These are the key concepts you need to understand to accurately answer the question.

Vibrating String
A vibrating string is a key concept in physics, especially when understanding wave phenomena. When a string is fixed at both ends, it can produce standing waves. These are waves that appear to be stationary, but in reality, they are a result of two waves traveling in opposite directions. The fixed points at the ends are called nodes, where there is no movement, and the points of maximum movement are antinodes.
  • For any given harmonic, the number of antinodes is the same as the harmonic number.
  • The first harmonic is the simplest form, with one antinode in the middle.
  • Each subsequent harmonic adds an antinode and creates a more complex wave pattern.
In the exercise, the second overtone corresponds to the third harmonic of the string. This means there are three antinodes along the length of the wire. The length of the wire contains one and a half wavelengths in this configuration.
Wave Speed Calculation
Calculating the wave speed on a string under tension is fundamental to solving problems involving vibrations. The wave speed on a string depends on its tension and linear mass density. The formula to find the speed of a wave traveling along a string is:
\[v = \sqrt{\frac{T}{\mu}} \] Where:
  • \(v\) is the wave speed
  • \(T\) is the tension applied to the string
  • \(\mu\) (mu) is the linear mass density, calculated as mass \(m\) divided by length \(L\).

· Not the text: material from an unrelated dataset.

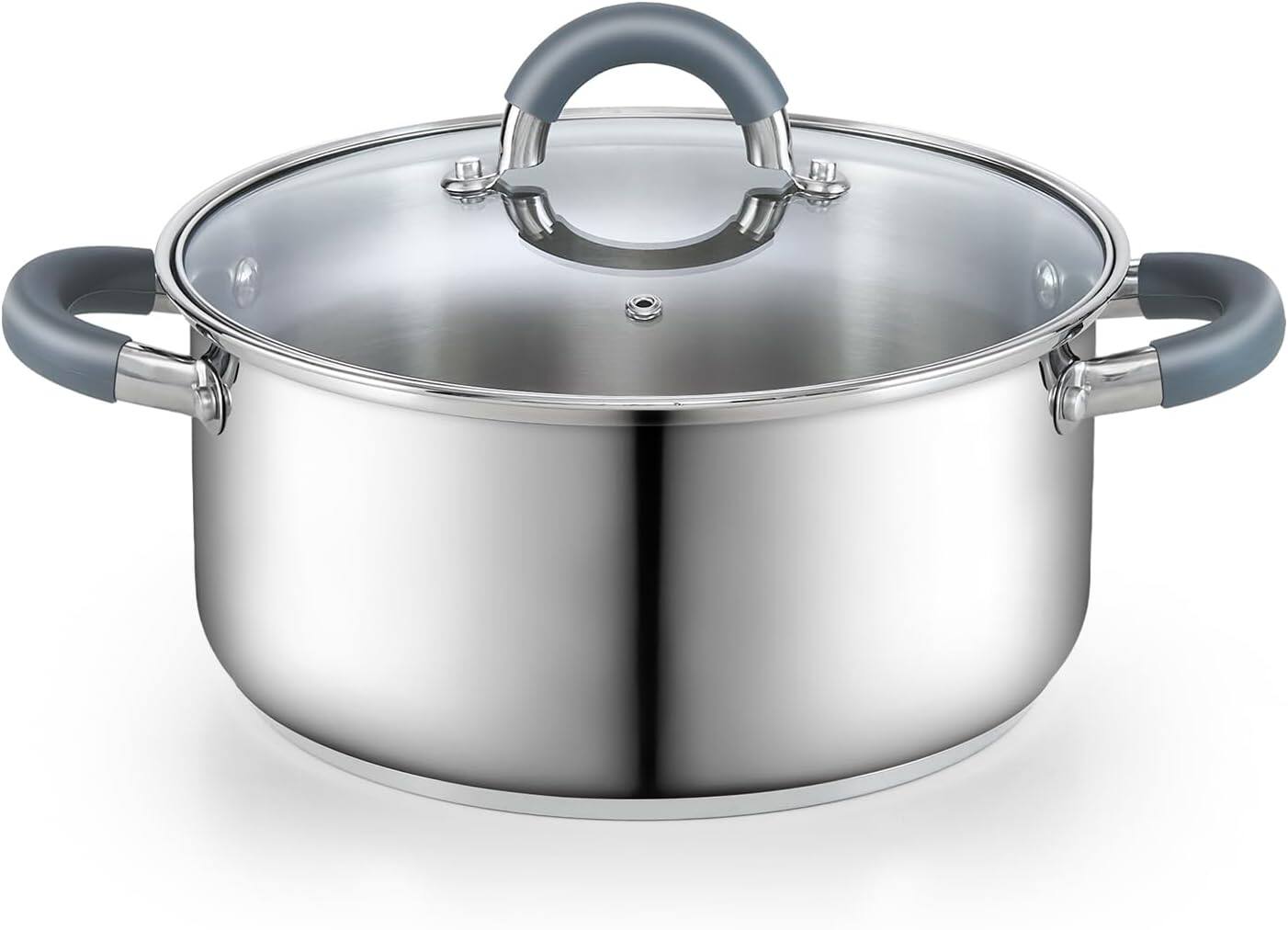 Front. Cook N Home - Basics 5.5 Qt S/S StockPot for Pasta, Soup with Lid,Silicone Handle,Even Heating, Oven Safe, Canning, Boiling, Simmer - stainless steel.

For example, in the exercise provided, the mass of the wire is 5.625 grams and its length is 75 centimeters. To find the linear mass density, we convert the mass to kilograms and length to meters. This results in a linear mass density of 0.0075 kg/m. Using all given values, the wave speed is approximately 68.06 m/s.
This speed of the wave on the wire will help determine the frequency with which it is vibrating in a specific harmonic.
Second Overtone
The term "second overtone" can be a bit tricky because it's often mistaken for the second harmonic, but it is actually the third harmonic in the context of a vibrating string fixed at both ends.
  • In the third harmonic, the wire supports three antinodes.
  • The length of the wire is divided into sections that correspond to three half-wavelengths.
This third harmonic setup signifies that the entire length of the wire is filled with 1.5 wavelengths of the wave.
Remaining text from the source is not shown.